Applying the same criteria that psychometricians used to validate the Big Five in developed countries, we see that the vast majority of survey data from developing countries does not pass the test. A set of items meant as proxy for a specific personality trait can capture other factors and lead to incorrect inferences. The lack of support for the Big Five factor model across a large set of surveys in diverse contexts indicates that the issues identified are not unique to a specific data collection exercise.

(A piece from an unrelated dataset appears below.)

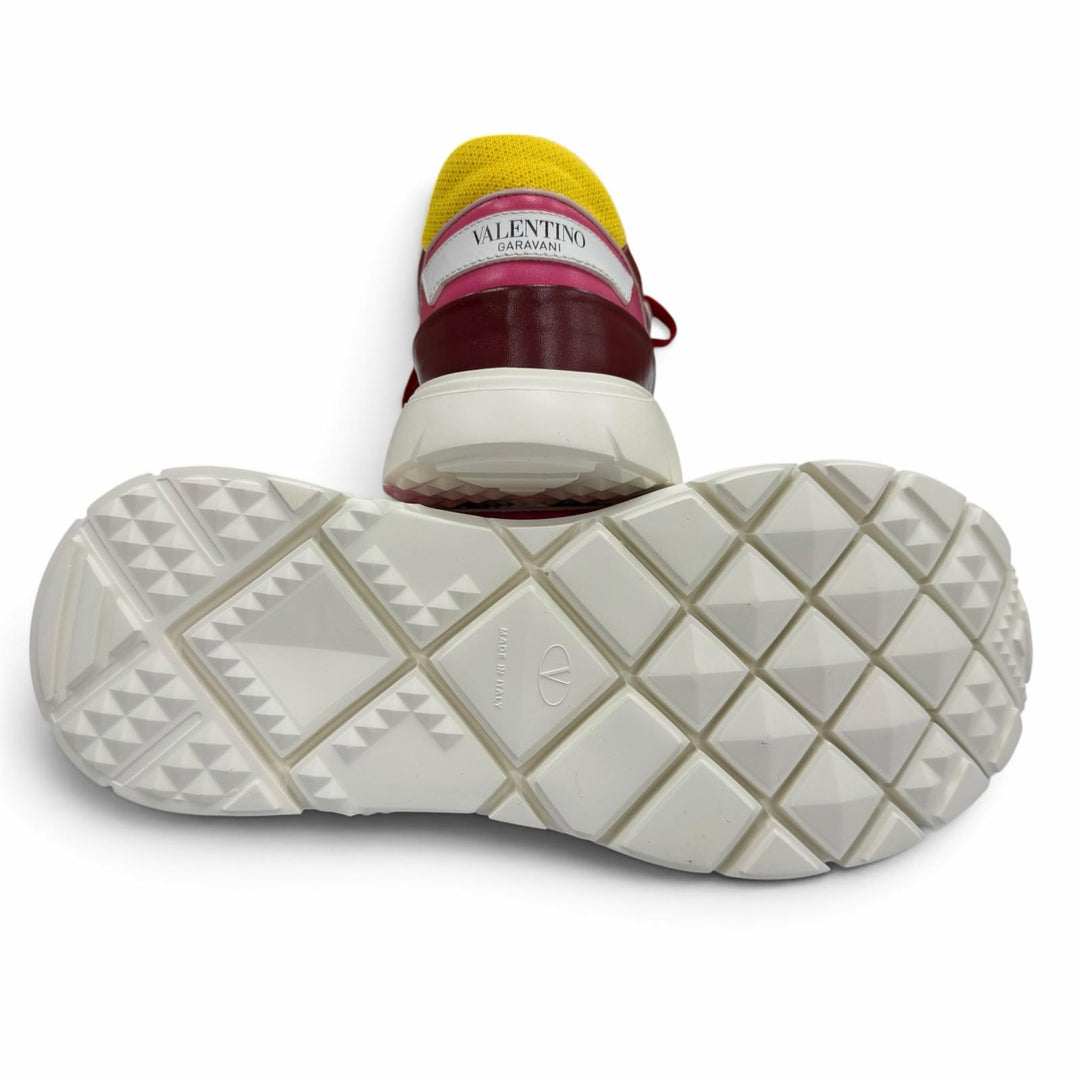 極美品▼Valentino Garavani ヴァレンティノガラヴァーニ レザー ロゴ レースアップ ローカットスニーカー マルチ 39 伊製 レディース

Instead, it points to a general problem in the measure of personality traits through survey data in developing countries.
Policy implications: The risk of misinterpreting non-cognitive skills
These findings entail key lessons for researchers aiming to understand the role of skills in low- and middle-income countries. Our work highlights the risk of misinterpreting non-cognitive skills and personality survey data and provides a warning against naïve interpretations without evidence of validity. Data validation in each context is therefore a must. Inference is only credible if the data has a clear structure and good reliability and validity.
Some precautions that can help reduce enumerator and response biases are to:
- improve the quality of translations and comprehensibility for respondents with lower cognitive ability,
- apply structural methods on cognitive and knowledge tests to improve the reliability of the measures, and,
- randomise the assignment of enumerators in field experiments.
More broadly, the findings call for the development of innovative methods that more accurately capture specific skills and personality traits in developing country surveys. This would need to focus on reducing the impact of response patterns, enumerator interactions, and be more adapted to the context and mode of administration.
References
Heckman, J, J Stixrud and S Urzua (2006), “The effects of cognitive and non-cognitive abilities on labour market outcomes and social behaviour”, Journal of Labour Economics, 24 (3): 411-482.
Laajaj, R and K Macours (2020), “Measuring skills in developing countries”, Journal of Human Resources, forthcoming.
Laajaj, R, K Macours, O Arias, S Gosling, D Pinzón Hernández, J Potter, M Rubio-Codina and R Vakis (2019), “Challenges to capture the big five personality traits in non-WEIRD populations”, Science Advances 5: eaaw5226.
Lagakos, D and M Waught (2013), “Selection, agriculture, and cross-country productivity differences”, American Economic Review 103 (2): 948-980.
Schmitt, D, J Allik, R McCrae and V Benet-Martínez (2007), “The geographic distribution of Big Five personality traits: Patterns and profiles of human self-description across 56 nations”, Journal of Cross-Cultural Psychology 38(2): 173-212.
Endnotes
[1] We further compare with data from 198,365 self-selected respondents of internet surveys from the same countries. This data do reflect the factor structure commonly found in the US and other Western Educated Industrialized Rich and Democratic (WEIRD) populations. This suggests that cultural and language differences are not the main driver of low validity in face-to-face surveys in low- and middle-income countries.